Pro-EU prime minister Keir Starmer is starting a year marking a decade since the Brexit vote by pushing for “even closer alignment” with the EU’s single market and promoting a “youth mobility scheme” that would amount to a return of free movement—effectively betraying the decision of Britons to leave.

Reports this week suggest the UK is preparing to enter “dynamic alignment” with the European Union in several areas, some agreed last year. This will allow Brussels rules to take effect automatically in Britain, without approval from MPs.

The Telegraph described this as “the first loss of UK sovereignty on standards since Brexit,” adding that the Labour government’s EU deal “is the worst of all worlds.”

There has also been some pushback from Nigel Farage’s Reform party. Trevor Lloyd-Jones, the party’s vice-chair for Aldershot, bashed the plans as a “disgrace,” adding:

Starmer’s really going to do it, he’s going to overturn Britain’s most important democratic decision in a generation.

Reform’s Bracknell branch jibed that Starmer is “unlikely” to be PM by the time these plans come into force, although “we will have another Europhile in his place, unfortunately.”

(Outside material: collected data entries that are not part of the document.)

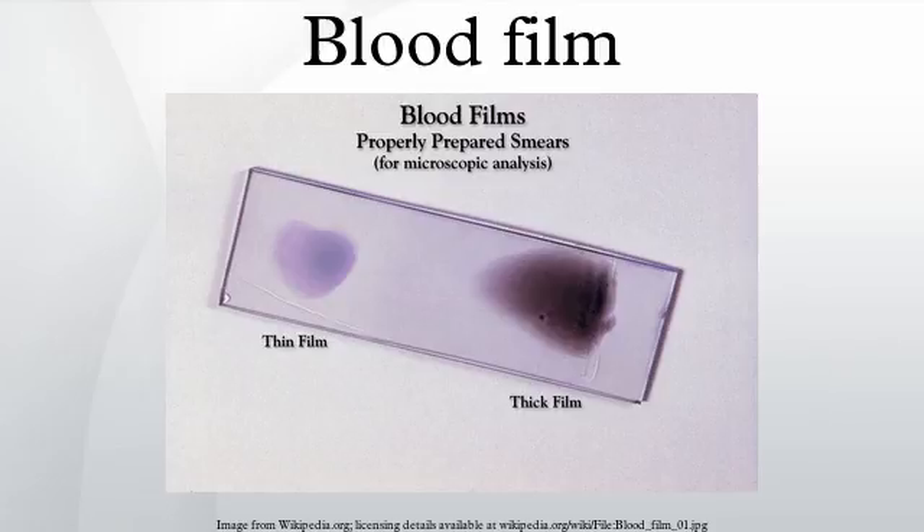Disorders: Characteristic red blood cell abnormalities include anemia, sickle cell anemia, and spherocytosis. Sometimes the microscopic investigation of the red cells can be essential to the diagnosis of life-threatening disease.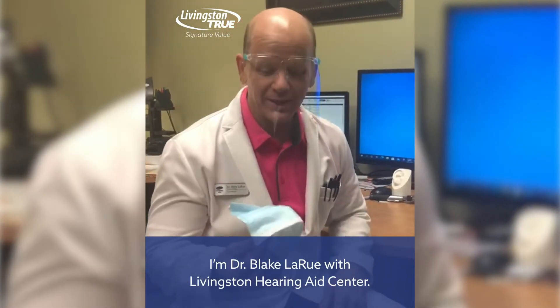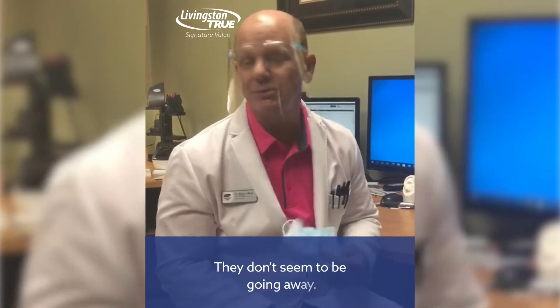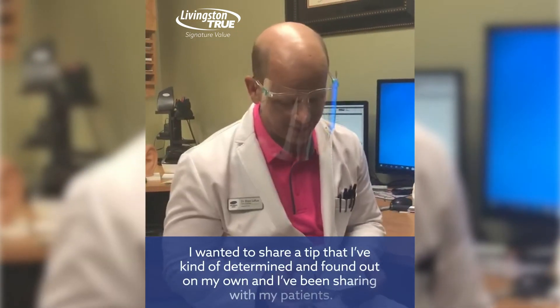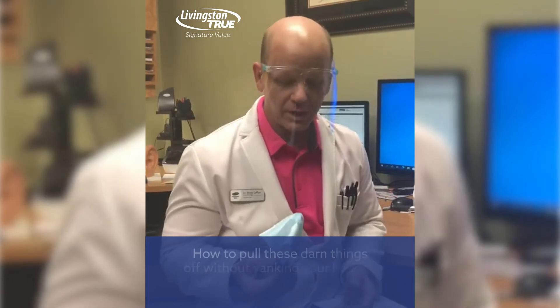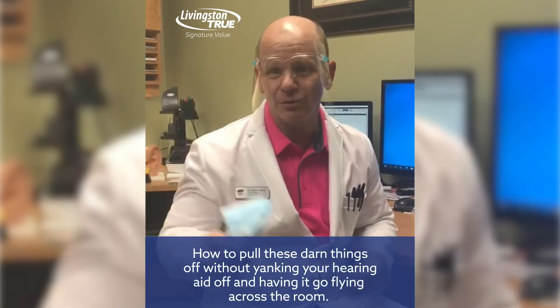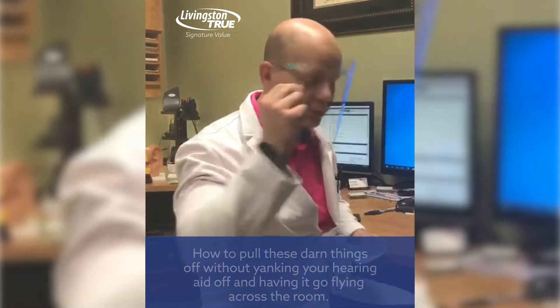Hi everyone, I'm Dr. Blake LaRue with Livison Hearing Aid Center. Masks seem to be in the forefront — they don't seem to be going away. I wanted to share a tip that I've determined and found out on my own and have been sharing with my patients: how to pull these darn things off without yanking your hearing aid off and having it go flying across the room.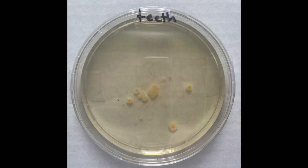Moving on to something slightly less disgusting — we swabbed Audrey's teeth, and you can see on this plate that there is some bacteria forming. This has the potential to be Streptococcus mutans. As we discussed in our previous video, Streptococcus mutans is one of the bacteria that can cause cavities.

“Dynamic alignment” could lock Britain into Brussels’ net zero rules, regardless of Parliament’s wishes. Reports warn that EU decisions could also reshape UK law on food standards, pesticide use, and animal welfare.

On the last of these points, Conservative frontbencher Andrew Griffith noted that “EU standards are lower than the UK—why would Labour want that?” He added that Net Zero Secretary Ed Miliband “is doing a perfectly good job of ruining British manufacturing with high energy costs without needing more help from Brussels.”

Former Margaret Thatcher aide Nile Gardiner said Starmer “is surrendering to Brussels.” Not that there was ever any doubt that he would do this. Though it is debatable whether the Tories would have done much better had they won the last general election.

A bill outlining these changes will reportedly be introduced to Parliament—which will later be shut out of decision-making—this spring or summer.